The UK financial services industry has yet again blotted its copybook. This time HSBC's name has been added to the "wall of shame".

The Financial Services Authority (FSA) have fined HSBC £10.5M, and ordered it to pay £30M in compensation, for mis-selling investment products to elderly customers needing long term care.

The FSA said that between 2005 and 2010, a subsidiary of HSBC, NHFA (previously known as the Nursing Home Fees Agency) advised 2,485 customers to invest in investment bonds, and other asset-based products, to fund long-term care costs.

The average age of these customers was 83, a sample review suggested that almost 90% of these cases were mis-sold.

The average amount invested per customer was about £115K.

The FSA ruled that this advice was unsuitable, because these products were designed to be held for a minimum of five years. However, many of these customers were not expected to live this long!
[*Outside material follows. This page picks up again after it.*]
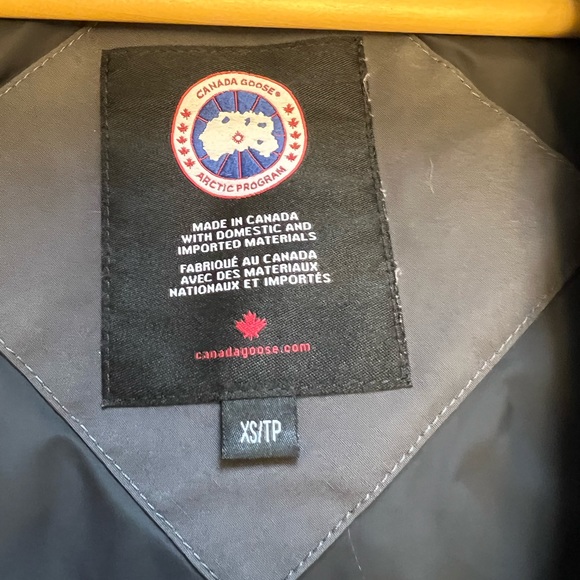 Canada Goose Rossclair Parka XS - Picture 6 of 6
Coupled with the disgraceful mis-sale of this unsuitable product was the fact that the product had charges.

The Telegraph quotes Tracey McDermott, acting director of enforcement and financial crime said:

"NHFA was trusted by its vulnerable and elderly customers, It breached that trust to sell the unsuitable products. This type of behaviour undermines confidence in the financial services sector.

This penalty should serve as a warning to firms that they must have the right systems and controls in place to manage and identify risks when they acquire new businesses. A failure to do so can lead not only to detriment to their customers but to significant reputational and regulatory cost."

Well done HSBC for "enhancing" the reputation of Britain's financial services industry!